Prisoner Review Board member resigns before Senate confirmation vote
SPRINGFIELD - A Prisoner Review Board member facing Senate confirmation submitted his resignation on Monday.
Oreal James resigned by way of a letter to Gov. J.B. Pritzker.
James, a certified mediator focused on restorative justice in public education, was appointed by Pritzker in April 2019. James received his undergraduate and law degree from DePaul College of Law.
"Thank you for the opportunity to serve the state of Illinois while on the Prisoner Review Board," James stated in his resignation letter to Pritzker. "I took seriously the responsibility to apply the law as it is written in our constitution. These laws direct the board to be fair to all without bias or prejudice. This too, is all you have ever asked of me. It is my hope I have fulfilled this request completely."
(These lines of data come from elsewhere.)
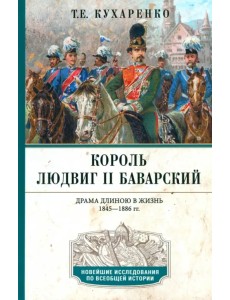 Король Людвиг II Баварский. Драма длиною в жизнь. 1845—1886 Король Людвиг II Баварский. Драма длиною в жизнь. 1845—1886
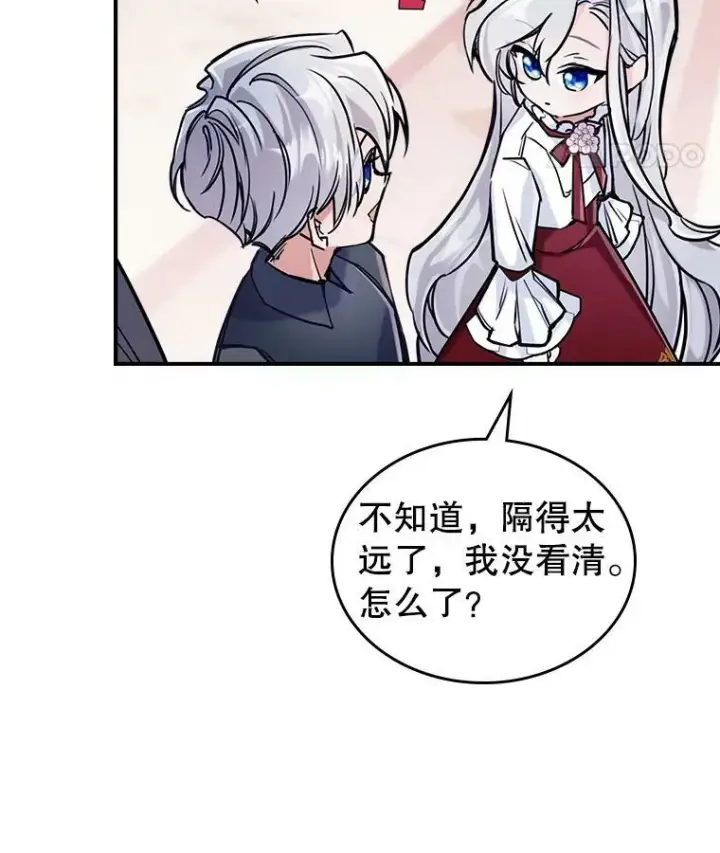 《满级公女今天也很无聊》4.初次见面图48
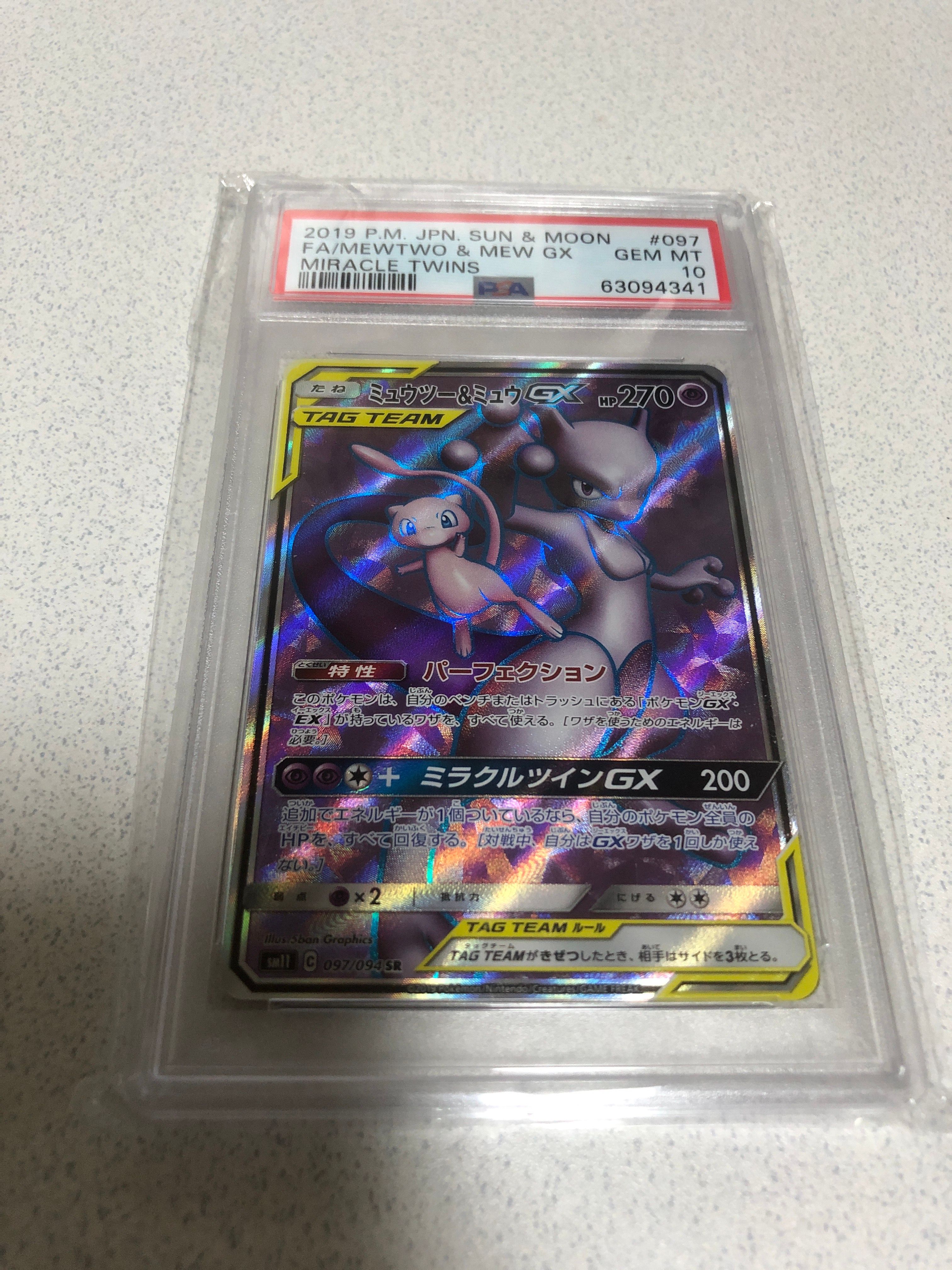 ミュウツー&ミュウGX SR[SM11 097/094](拡張パック「ミラクルツイン」)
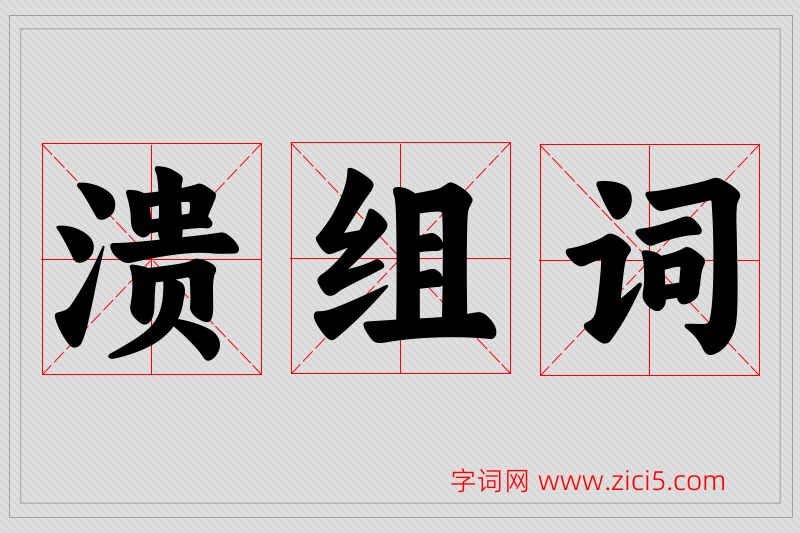 溃字的组词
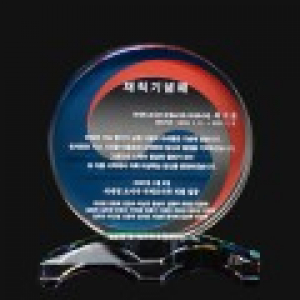 크리스탈 상패 국세청 재직기념패 공공기관 감사패 검찰청 공로패 art 679B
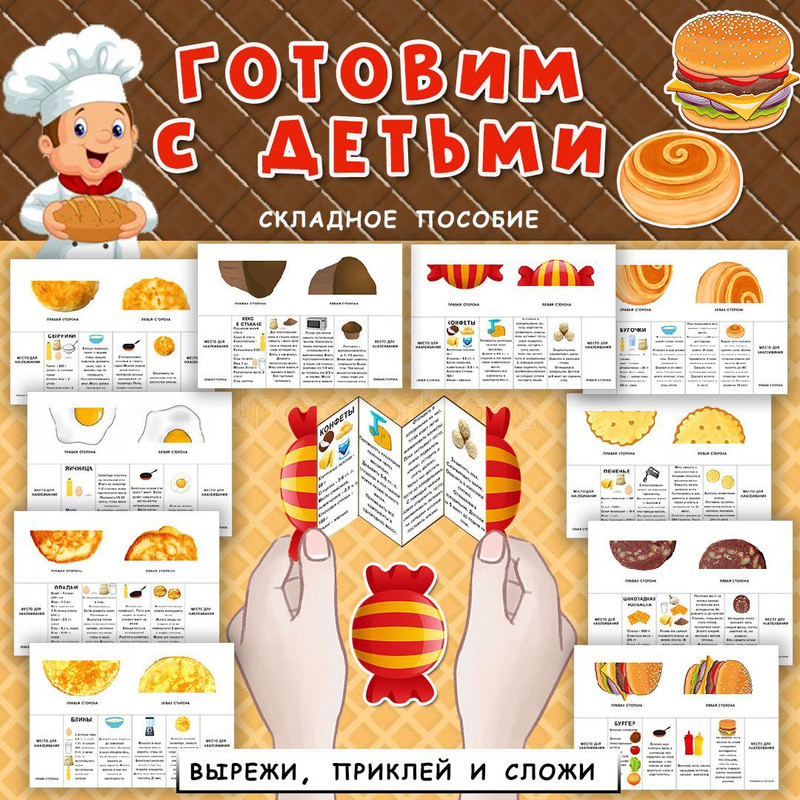 РЕЦЕПТЫ ГАРМОШКИ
James could not be reached for comment on Monday afternoon.
It's the latest shake-up on the governor-appointed board that has seen heavy Republican scrutiny in the last year as the Senate repeatedly delayed hearing several of Pritzker's appointees.
The board determines whether offenders should be released from Illinois Department of Corrections custody and what the terms of their release should be. It also makes recommendations on clemency, arbitrates the calculation of good time credit, and reviews cases of those who violate the terms of their parole to decide whether they should be returned to prison. The job pays roughly $90,000 per year.
James and Eleanor Kaye Wilson were originally appointed to the 15-member Prisoner Review Board by Pritzker in April 2019, but those appointments were withdrawn in March 2021 and submitted just days later. Last week, their appointments moved out of the Senate Executive Appointments Committee without a recommendation.
The Senate must vote on Wilson's appointment by Tuesday or she will automatically be approved. A 60-session-day clock that was scheduled to expire Monday was extended one day after the Senate canceled last Friday's session.
Under the law, a gubernatorial appointment must be approved within 60 session days otherwise they become confirmed automatically. Wilson and James came under scrutiny when their appointments were pulled and then resubmitted by Pritzker to restart the 60-session-day clock in which their appointments could be heard by the committee. This practice is allowed under Senate rules and has been used by previous governors.
Pritzker said it was a move he had to use as the Senate neglected to act on his appointments, while Republicans countered it was a way to circumvent votes on controversial nominees.
The committee discussion for the appointees largely centered on the board members' votes to release certain individuals, including two men in their 70s in prison for the 1976 killing of a state trooper and a woman who killed her two newborn daughters while suffering from postpartum psychosis.
Wilson was director of DePaul University's School for New Learning, as well as director of urban programs at Chicago City-Wide College, and is the godmother to the former President Barack Obama's daughters, Sasha and Malia.
After James' resignation, there are seven members on the 15-member board. Of those, LeAnn Miller, Jared Bohland, Ken Tupy and Wilson need Senate approval. Tupy and Bohland were recommended by the Executive Appointments Committee unanimously. Miller was also recommended.
Another appointee, Jeff Mears, was rejected by the Senate last week after receiving a recommendation from the committee. He received just 22 votes, as 18 Democrats chose not to vote on Mears' appointment and one Democrat, Patrick Joyce of Essex, joined Republicans in voting against it.
Two weeks ago, Pritzker pulled the appointment of Max Cerda, a Prisoner Review Board board member who was convicted of a double murder when he was 16 and paroled in 1998. It appeared Cerda would not have enough Senate support for approval.
Last year, the Prisoner Review Board held 4,595 revocations hearings across the state. The board is scheduled to hear clemency petitions from April 12 to 15. Also, the board will hear petitions for release under the Joe Coleman Act that went into effect on Jan. 1. The Act will allow offenders that suffer from a terminal illness or medical incapacitation to file a medical release application.